An Iraqi army soldier stands guard at a checkpoint in the Shiite district of Sadr City in Baghdad, Iraq.(PHOTO CREDIT: GETTY IMAGES)
FROM CNN's Jack Cafferty:
Now is not the time for President Bush to negotiate a long-term security agreement with Iraq – that's the message from lawmakers in both Iraq and in the U.S.
More than 30 Iraqi lawmakers who represent parties making up a majority in the Iraqi parliament sent a letter to Congress last week. They said they will reject any agreement that "is not linked to clear mechanisms" obligating U.S. troops to leave "with a declared timetable and without leaving behind any military bases, soldiers or hired fighters."
The Associated Press reports that Iraqi officials familiar with the negotiations warn that a deal is unlikely to be reached before President Bush leaves office unless the administration lets up on some of its demands that Iraqis see as giving U.S. troops way too much freedom and stepping on Iraq's sovereignty.

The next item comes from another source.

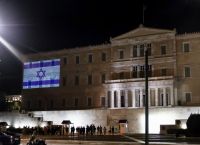 Η πρόσοψη της Βουλής φωταγωγήθηκε με τα χρώματα του Ισραήλ [pics]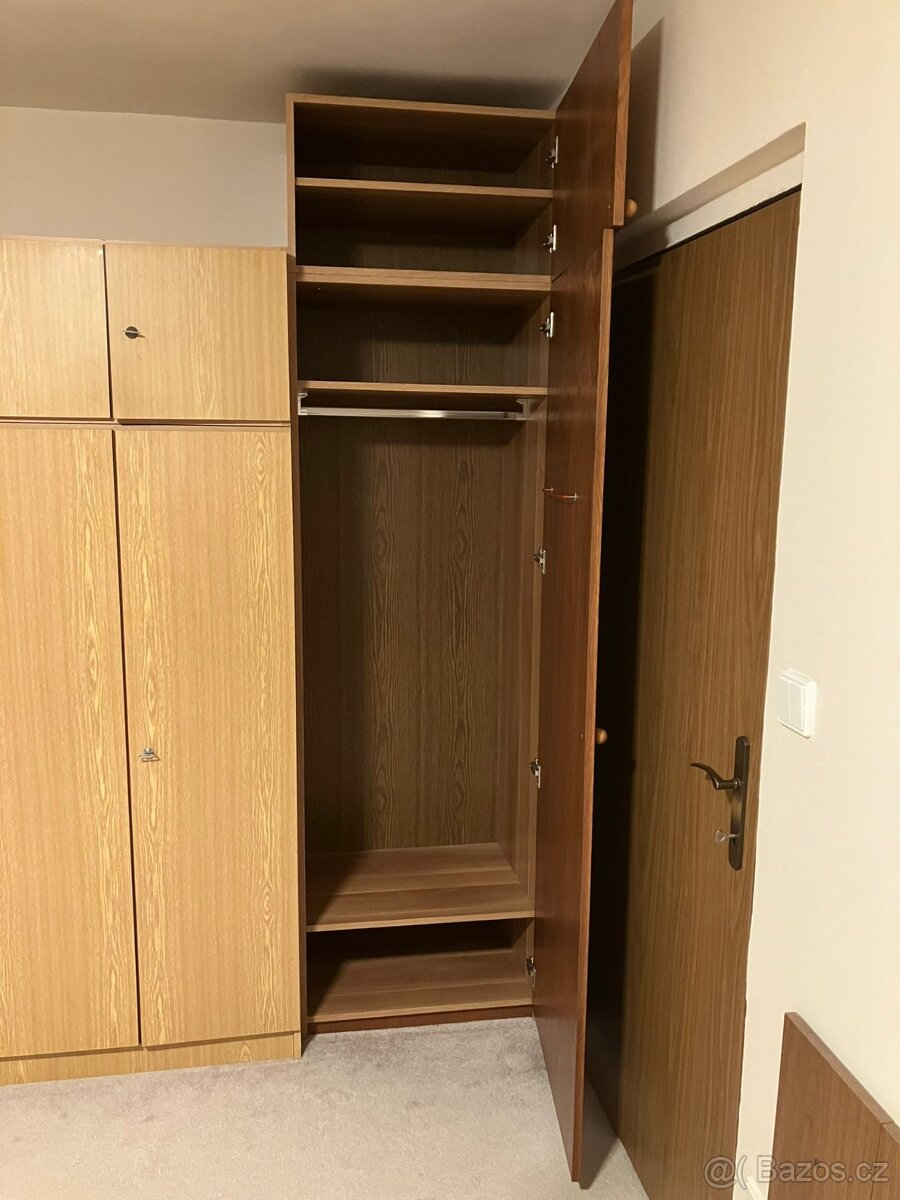 Skříň, šatní skříň - 4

Here at home, both Democratic and Republican lawmakers are accusing President Bush of trying to tie the hands of the next president when it comes to Iraq. The four senior members of the Senate Foreign Relations committee sent a letter saying the administration hasn't consulted with them on this agreement and that the need for legislative approval "remains an open question."
For its part, the administration insists that this agreement is not a treaty and so it doesn't need to be approved by the Senate. More of the same from George Bush. Do whatever you want whether the people think it's a good idea or not. Officials say the deal won't commit U-S troops to staying in Iraq, won't create permanent bases, and won't pledge to protect Iraq if invaded. Here's the problem: the U.N. mandate that authorizes U.S. presence in Iraq expires in December.
Here’s my question to you: Should President Bush be negotiating a long-term security agreement with Iraq?
Interested to know which ones made it on air?
Jerry from Tulsa, Oklahoma writes:
President Bush will try to do an end run around Congress and make a long-term deal with Iraq, but his 32% approval rating will tackle him for a loss.
Jeff from Galena, Missouri writes:
He can negotiate anything he wants to. Whatever it is, it should be mandatory that it passes Congress.
Bob from Virginia writes:
I think Bush should start negotiating his way out of impeachment trials.
No. He has single-handedly done enough damage in the Middle East and to the long-term interests of our country. Early in his administration, Bush should have adopted the Hippocratic oath, “first, do no harm." It is far too late for that now.
It would just be a parting gift to allow McCain an excuse not to correct America's involvement in Iraq. Hopefully Obama will be wise enough to dissolve any such agreements, despite the howling from Republican chickenhawks. I think the other 80% of the U.S. would support him.
The only thing Bush should be doing is asking for forgiveness from the American people and the rest of the world. The best we can hope for is that he will do nothing for the rest of his term.
Absolutely not, as there is no reason to tie the hands of the next administration in this obvious attempt to dictate future policy. Oh, wait. Maybe that's the idea.